A stock keeping unit, or SKU, is a company-created code used to identify, track, price, and manage a specific inventory item. Retailers, wholesalers, manufacturers, and ecommerce businesses use SKUs to know what they have, where it is, how it sells, and when it needs to be reordered.
A SKU is not the same thing as a stock, share, ticker symbol, UPC, or barcode. It is an inventory identifier. The financial relevance is in the operating data: SKUs shape inventory control, fulfillment accuracy, working capital, gross margin, and product-level profitability.
Key Takeaways
- A SKU is a unique product identifier used for inventory tracking.
- Businesses create SKUs to fit their own product catalog, warehouse, sales channels, and reporting needs.
- SKUs can distinguish size, color, model, bundle, packaging, location, or other product attributes.
- Clean SKU data helps prevent stockouts, overordering, fulfillment errors, and weak margin visibility.
- A SKU is different from a UPC, which is a more standardized product identifier used across sellers.
How SKUs Work
A SKU usually combines letters and numbers that point to product attributes. A shoe retailer might use one SKU for a black running shoe in size 9 and a different SKU for the same shoe in size 10. A furniture store might separate fabric, finish, size, and warehouse location. An electronics seller might use SKUs to distinguish storage capacity, color, and warranty bundle.
The goal is not to create a pretty code. The goal is to make the item unambiguous inside the business. When a sale happens, inventory should decrease for the exact SKU sold. When stock arrives, the correct SKU should increase. When a manager reviews profitability, the system should connect revenue, cost, returns, discounts, and stock levels to the right product.
SKU discipline becomes more important as a business grows. A small store can sometimes manage with informal labels. A multi-location retailer, marketplace seller, or manufacturer needs a structure that prevents similar products from being confused.
SKU Versus UPC
Identifier | Who uses it | Purpose |
|---|---|---|
SKU | Created by the seller or operator | Tracks products inside that business |
UPC | Standardized across retail channels | Identifies a product more broadly across sellers |
Barcode | Scannable format | Lets systems read an identifier quickly |
A barcode can encode a SKU, UPC, or another identifier. The barcode is the scannable representation; the SKU is the product-tracking code the business relies on.
How SKUs Affect Cash Flow
SKU data turns inventory into something management can read. If a business knows which SKUs sell quickly, which sit on shelves, and which carry the best margins, it can buy more intelligently. That can reduce cash tied up in slow-moving products and lower the risk of markdowns.
Poor SKU management does the opposite. Duplicate codes, vague codes, reused codes, and inconsistent naming can make inventory reports unreliable. The business may order products it already has, promise products it cannot fulfill, or miss profitable items because the sales data is scattered across multiple labels.
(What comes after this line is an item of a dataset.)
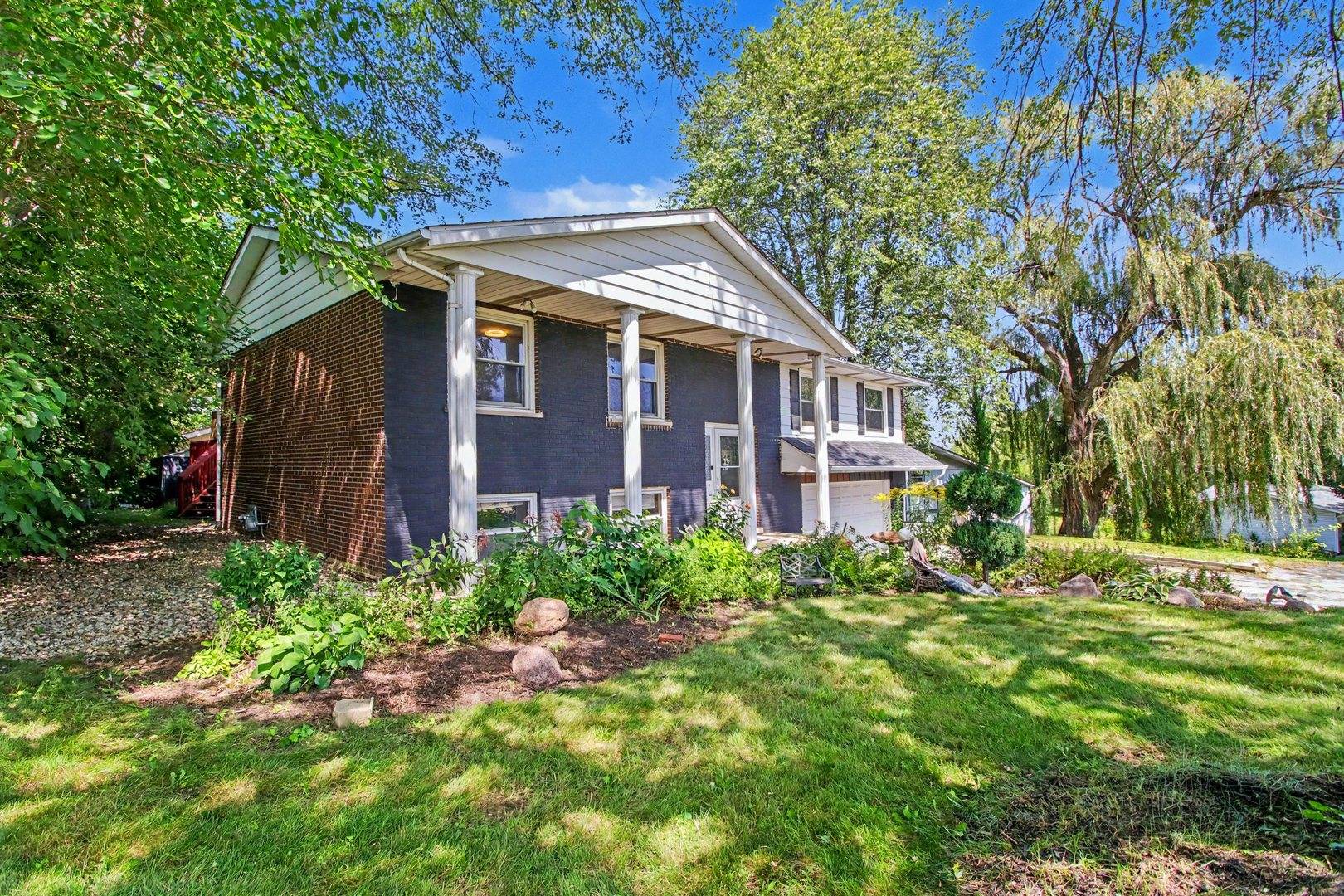 24388 W Tyler AVE, Round Lake, IL 60073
For financial analysis, SKU-level data can explain working-capital changes. Rising inventory may be sensible if high-margin SKUs are building ahead of seasonal demand. It may be a warning sign if slow-moving SKUs are accumulating because demand was overestimated.
Where SKUs Can Mislead
SKU counts can make a business look broader than it is. One product offered in ten colors and five sizes may create fifty SKUs. That variety may help sales, but it can also complicate forecasting, storage, purchasing, and returns.
More SKUs are not automatically better. Too many low-volume SKUs can drain cash and attention. Too few SKUs can make inventory reporting too blunt to be useful. The right structure depends on how customers buy, how the warehouse works, and how management wants to measure performance.
SKUs should also be stable. Reusing a retired SKU for a new product can corrupt historical sales and margin data. Changing SKU formats without a migration plan can make old and new reports hard to compare.
The Bottom Line
A stock keeping unit is a product-level code used to manage inventory. It looks operational, but it has real financial consequences because clean SKU data improves buying decisions, cash-flow control, fulfillment accuracy, and product-level margin analysis.